1.5x to 2x faster interiors rendering with optimized AO approx for cycles
ClosedPublic

Authored by mathieu menuet (bliblubli) on Sep 3 2017, 9:02 AM.

Details

Summary

This patch react smartly to materials, making tha AO approx option really usable in interiors. It works on all devices (CPU, CUDA and OpenCL). Speedup vary between platform however. On the platform it was made on (OpenCL), the speedup is the best. From 1.5x faster for Classroom to 2x faster for the scandinavian interior from Chocofur.

Edit: removed things that were not related to code directly.

Diff Detail

Repository
rB Blender
Brecht Van Lommel (brecht) requested changes to this revision.EditedSep 3 2017, 12:28 PM

I'm not sure what the whole funding thing is about, I'll focus on the patch. By submitting this patch you're contributing it under the Apache 2 license, if you wrote this code there's no copyright problem.

So what this does is change AO bounces to still always continue all transmission and 1 glossy rays. That makes more practical as an option for final renders at the cost of slower renders if you want to use this purely for very fast preview renders. But glossy and transmission being much too dark isn't that useful either for preview. To it seems reasonable, there's some compatibility breaking but the result is more accurate so not a big deal for master I think.

Please deduplicate this logic in a utility function in kernel_path_state.h like this:

ccl_device_inline bool path_state_ao_bounce(KernelGlobals *kg, ccl_addr_space PathState *state)
{
    if(state->bounce <= kernel_data.integrator.ao_bounces) {
        return false;
    }

    int bounce = state->bounce - state->transmission_bounce - (state->glossy_bounce > 0);
    return (bounce > kernel_data.integrator.ao_bounces);
}

Perhaps it is sufficient to just allow transmission and glossy bounce if those are the first bounces, and not behind some diffuse or volume bounce (caustics)? Not sure.
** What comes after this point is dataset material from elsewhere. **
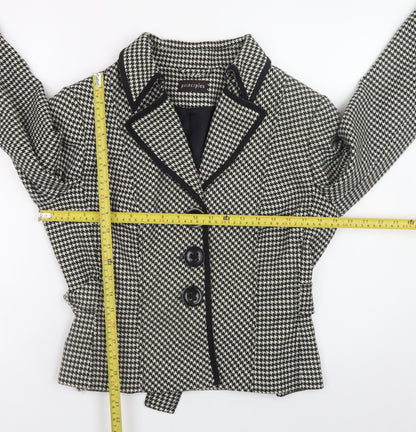 Principles Women’s Black Houndstooth Blazer Size 14 Tailored Jacket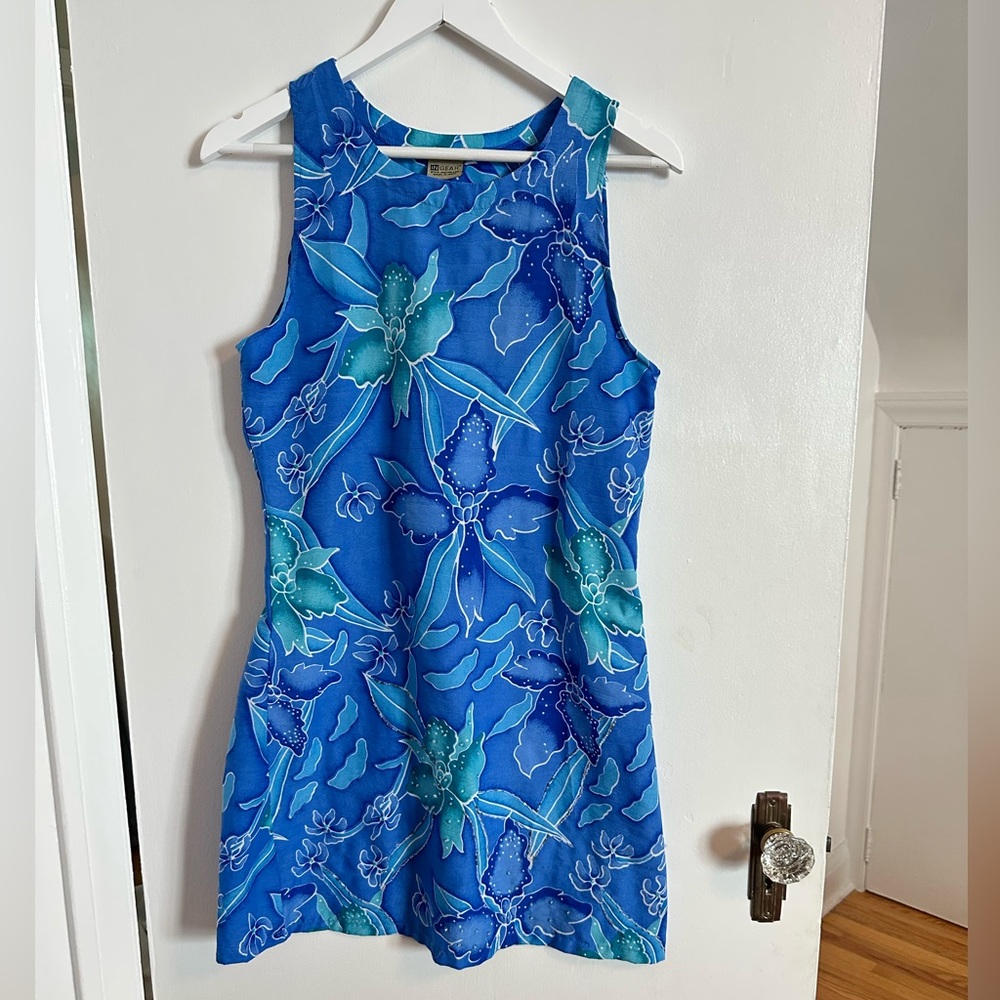 Vintage Blue Floral Sleeveless Dress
ccl_device_inline bool path_state_ao_bounce(KernelGlobals *kg, ccl_addr_space PathState *state)
{
    if(state->bounce <= kernel_data.integrator.ao_bounces) {
        return false;
    }

    return (state->bounce - state->transmission_bounce - (state->glossy_bounce > 0)) > 0;
}
This revision now requires changes to proceed.Sep 3 2017, 12:28 PM

I agree to deduplicate, although doing it as part of https://developer.blender.org/D2644 would maybe make more sens?

Regarding the proposition, I would have to try it, but looking at the code, it could return true on first bounce if it's a transmission or glossy bounce (bounce and transmission_bounce == 1 so substracted it's 0) ? And it ignores user setting of AO approx? My concentration is near 0 too at the moment, so sorry if I'm wrong. I tried to have no parameter to make it more user friendly, but as it does change the output and I couldn't find a value/equation that would work in all cases, I think it's better to let the user decide what value is the best for his/her scene. Most of the time, AO approx at 2 just works, but in rare cases, 1 is enough or 3 will be needed.
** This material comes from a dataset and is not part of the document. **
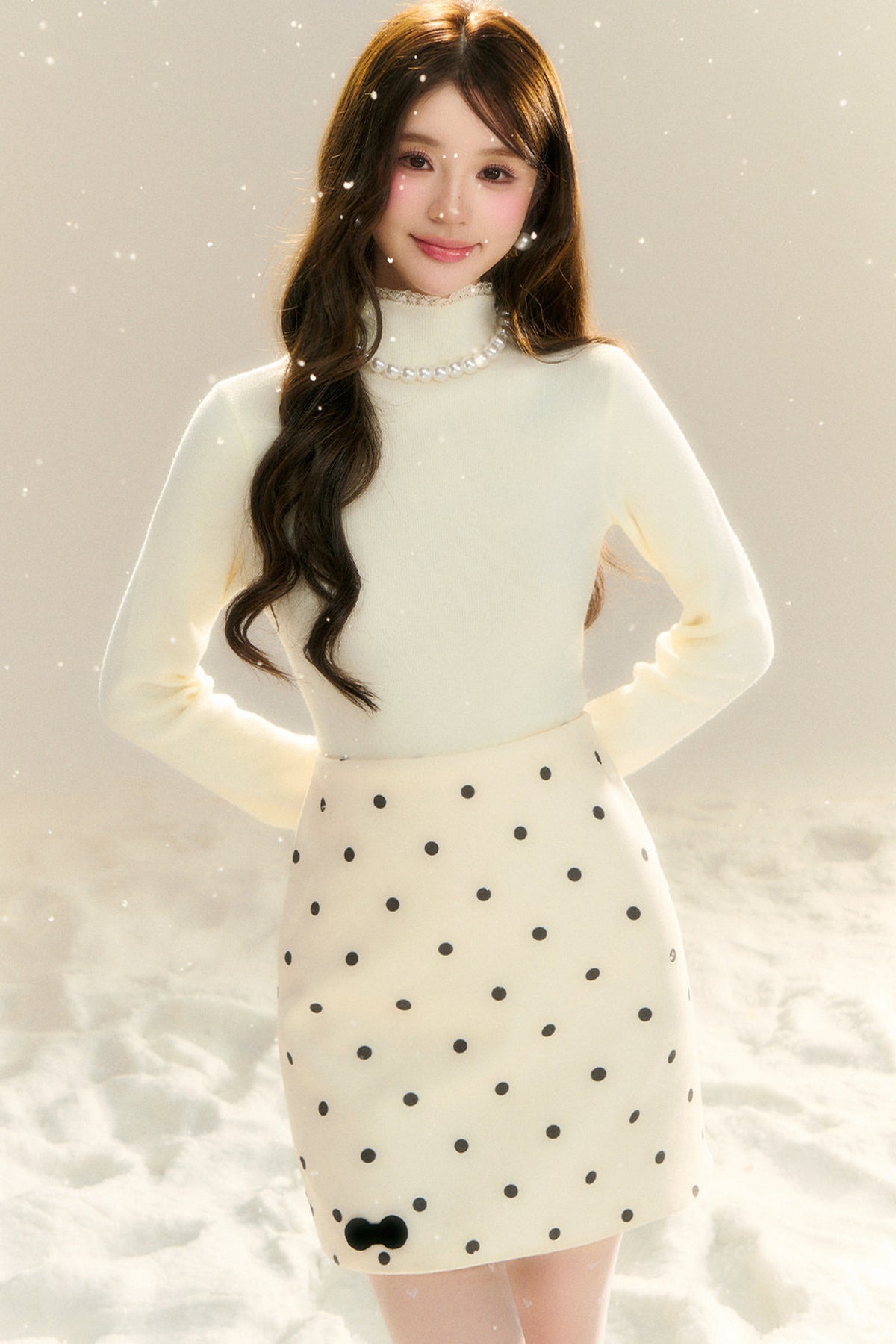 Lace Collar Base Layer Knit Top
I tried many other solutions before keeping this one. Glossy or transmission rays behind a diffuse ray were important in nearly all architectural renderings I did. Not so much for the caustics, but to keep shadows lighter. This trick has a tendency to make contrast higher by giving harder shadows. It's actually a good think in many case to keep the eye to concentrate on the bright parts, but to strong, it will look fake, or remove too much details in shadows. Of course, it's all based on client reactions and is highly subjective, but we do images for humans. And if I remember correctly, the increased speedup of approximating more rays sooner was beneath 5% in all our scenes.

I agree to deduplicate, although doing it as part of https://developer.blender.org/D2644 would maybe make more sens?

No need to wait for that, we can do it right immediately.

Regarding the proposition, I would have to try it, but looking at the code, it could return true on first bounce if it's a transmission or glossy bounce (bounce and transmission_bounce == 1 so substracted it's 0) ? And it ignores user setting of AO approx? My concentration is near 0 too at the moment, so sorry if I'm wrong. I tried to have no parameter to make it more user friendly, but as it does change the output and I couldn't find a value/equation that would work in all cases, I think it's better to let the user decide what value is the best for his/her scene. Most of the time, AO approx at 2 just works, but in rare cases, 1 is enough or 3 will be needed.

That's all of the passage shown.